- President Donald Trump has emerged from a year on the brink of nuclear war with North Korea with a prospective peace deal.
- China and Japan appear to be struggling to keep up with the progress and promises being made in the Koreas.
- But North Korea's progress has been all talk up to now, and nobody can honestly say whether they're sincere.
- Having announced an end to testing nuclear devices and ballistic missiles, North Korea can now pursue a different kind of relationship with the outside world.
- If it happens on Trump's watch, it will likely count as a big win.
President Donald Trump has emerged from a year on the brink of nuclear war with North Korea with a prospective, unprecedented meeting with its leader Kim Jong Un on the books, renewed hopes of peace, and Nobel Peace Prize buzz.
Put bluntly, the reversal in North Korea's attitude towards the US represents one of the most stunning turns in politics since Trump scored a tremendous upset to win the 2016 presidential election.

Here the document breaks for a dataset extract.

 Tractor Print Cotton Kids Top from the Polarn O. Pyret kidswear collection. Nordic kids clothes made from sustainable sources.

So far, North Korea has repeatedly promised it will denuclearize, and has invited the US and South Korea to observe part of that promise. North Korea hasn't asked for the US to do anything in exchange besides agree not to invade them.

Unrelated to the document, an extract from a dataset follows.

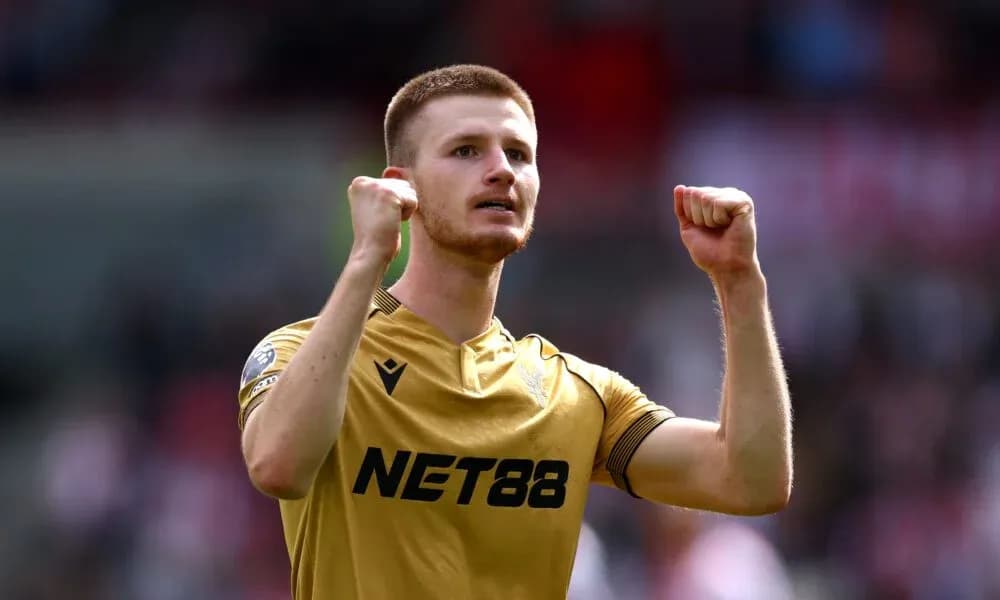 Player celebrating with raised fists on field Player celebrating with raised fists on field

When a Trump administration official called for US detainees in North Korea to be released as a sign of Pyongyang's sincerity, days later reports emerged that Kim had allowed just that.

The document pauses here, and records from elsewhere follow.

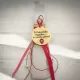 Handmade Easter candle with engraved wooden message for godfather and elegant red ribbon decoration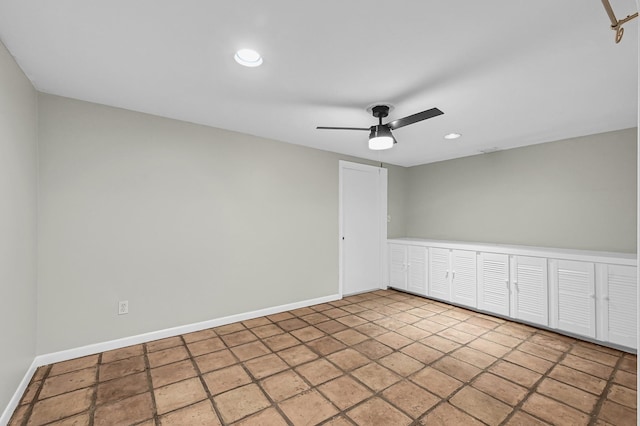 unfurnished room with ceiling fan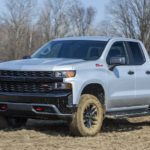 A grey 2022 Chevy Silverado 1500 Custom Trail Boss is shown from the front at an angle.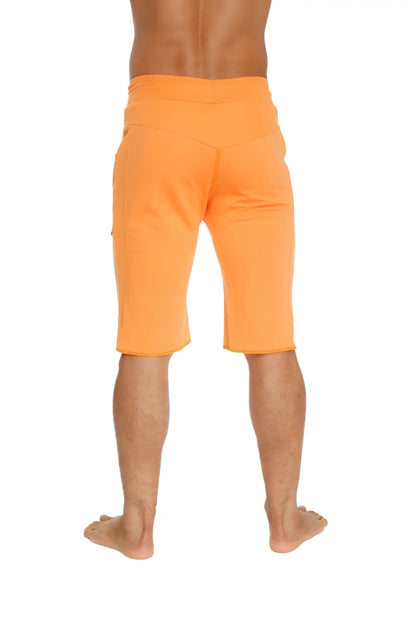 Eco-track short in sun orange with relaxed fit and side pockets made from eco-friendly material for athletic use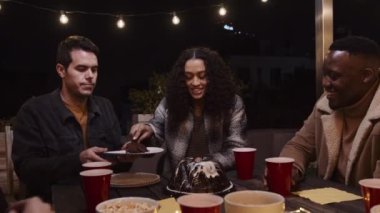 Çok kültürlü bir kadın, gece vakti çok ırklı bir grup arkadaşına doğum günü pastası ikram ediyor..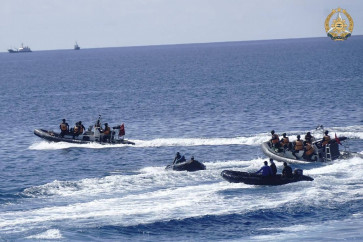 This handout photo taken on May 19, 2024 and received on June 4, 2024 from the Armed Forces of the Philippines shows two Chinese rigid-hulled inflatable boats (left and right) maneuvering close to Philippine personnel on board their boats (second left and right) near the Philippine outpost at Second Second Thomas Shoal in disputed waters of the South China Sea. The Philippine military said June 4 that Chinese boats illegally &ldquo;seized&ldquo; food and medicine airdropped to a Filipino outpost in the South China Sea. Chinese personnel on board the boats later dumped the items in the water, a Philippine Navy spokesman said.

All of these developments are so far only talk and plans. But they represent big wins for Trump's stated aims: peace and denuclearization.
South Korean President Moon Jae-in has credited Trump with creating the atmosphere necessary for an inter-Korean summit. North Korea expert John Delury wrote at 38 North that this has "put diplomacy on the Korean Peninsula off to a very good start."
Heads are starting to spin
A snap meeting between Chinese President Xi Jinping and Kim just weeks after Trump accepted an offer to meet with Kim indicates that China may be struggling to insert itself into a dialogue that seems to put US concerns first.
China wants the US military out of South Korea. The presence of nearly 30,000 US troops near its borders troubles China, which feels the US is trying to contain it.
The US's missile defenses in South Korea also have radars that can see deep into Chinese territory, and which China fears could hobble it in a nuclear war with the US, thereby making it an existential threat.
But neither North Korea nor South Korea has pushed for the US to leave the Korean Peninsula. In fact, if North Korea seriously goes through with verifiable denuclearization, a US or UN military presence could creep even closer to China above the 38th parallel.
Japan is also scrambling to set up a meeting with Kim, thought thus far it has been denied. Instead, Japan will meet with South Korea and China to lobby them to insert their interests into the negotiations as the Koreas speed on without them.
A word of warning
Trump's North Korea policy is going pretty well, so far. But North Korea has made many of the exact promises it has made in previous negotiations, only to back out again and double down on its nuclear ambitions.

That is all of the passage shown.